US Marine shot dead by Sierra Leone Police

 

 

In a case that has aroused much controversy and comment in Freetown, Sierra Leone, and among Sierra Leoneans in the diaspora, a man alleged to be a US Marine was shot dead by OSD officers in the Lumley Golf Club area on May 22, 2013. The case has been controversial from the beginning. Conflicting  accounts did the rounds in Freetown about how the man met his untimely death. The police presented a picture of a gun-wielding antagonist threatening the community, confronting police officers and refusing to obey instructions to surrender his weapon. The dead man, named as Abdul Kamara, was even said to have taken an OSD officer hostage before he was shot.
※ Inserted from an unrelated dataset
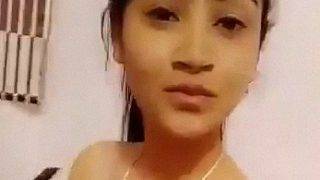 Desi cewek muda bugil pake filter lucu, bikin greget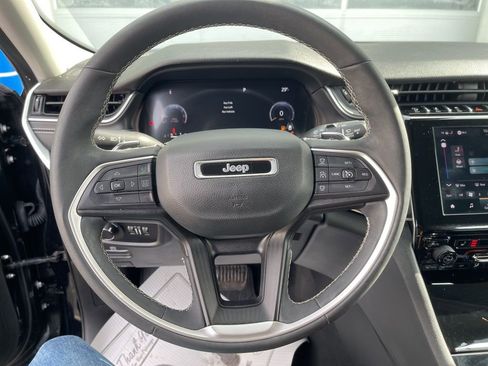 Used 2023 Jeep Grand Cherokee Laredo w/ Luxury Tech Group I image 13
Other accounts from bystanders presented a peaceful citizen on vacation in Sierra Leone from the US, a married man with young children for whom he had come to Freetown to make arrangements, who was inexplicably shot in the back by an overwhelming police force, as he was relaxing at the beach with friends and acquaintances.

 

Various groups and individuals weighed in with their views on the incident. The Human Rights Commission of Sierra Leone issued a forthright statement on its Twitter site expressing concern over the shooting. In the middle of the furore the government announced a previously planned launching of sensitization for an independent Police Complaints Board, to be manned by civilians to investigate precisely such serious incidents involving the police. (You can read the statement by the Minister launching this sensitization here) The police currently man the existing complaints body, the CDIID, set up by a former Inspector-General, the Englishman Keith Biddle. Biddle had a keen eye for public relations, and at its inception the CDIID was given a high profile, but the body appears to now be moribund, and nothing has been heard from them on this matter.

 

This is by no means the first time the police have been involved in controversies of this nature. In October 2012, police allegedly shot two youths dead in Kono, following disturbances (Read about this here) In April 2012 the Sierra Leone Police were involved in an outbreak of violence at Bumbuna town that left one person dead and about 20 injured (Read the HRCSL report on this incident here). The Kelvin Lewis investigation into the Sept 9, 2011, incident in Bo where the SLPP flagbearer was wounded had this to say about the role of the police: “…The shootings were done by the OSD personnel in Bo and it resulted in one dead and twenty three people injured including two police personnel….Witnesses say that the motor bike rider pleaded not to be shot before he was shot and killed by an OSD officer…”.  In March, 2011, the Human Rights Commission of Sierra Leone found police presidential bodyguards guilty of brutalizing electricity workers after a power failure during a presidential visit to the area (you can read the HRCSL statement here)

 

The Inspector-General of Police, Francis Munu, appeared on the popular FM98.1 Good Morning Sierra Leone show to react to this latest shooting incident on Tuesday June 4. He was in typically combative mood, exonerating the police of any blame for this or any of a list of such incidents put to him  by Ibrahim Tommy, a human rights activist who appeared with him on the programme. Mr Munu insisted repeatedly that the police acted within their rules of engagement and that the dead man had posed a threat to the community and the state. In an extensive interview replayed by FM98.1 during the programme, however, witnesses at the scene reported no such threat. You can download part of the programme here.

 

What concerns natinpasadvantage most, apart from the loss of life is the presence of a police boss who appears not to understand that one of his most important roles is to establish and maintain trust between the police and civilians, and that he can best do this not by bluster and intimidation, but by patience, tact and persuasion. He can win over the civilians, whose cooperation he needs, by presenting the full facts; by acknowledging mistakes where mistakes have been made and punishing perpetrators; by having a truly independent  and empowered internal police investigations procedure and by supporting an external police investigations procedure whenever necessary and particularly when it becomes clear that significant sections of the public are skeptical about the police version of a serious incident. What was clear during the course of the FM98.1 interview was that we have an old-style, one-party police chief at the helm of affairs, insensitive to human rights and the needs of modern-day police public relations. This attitude over time no doubt will filter, or has filtered, down to senior and midlevel officers and thence to the junior officers on the streets. Junior officers such as those that met up with Abdul Kamara on May 22.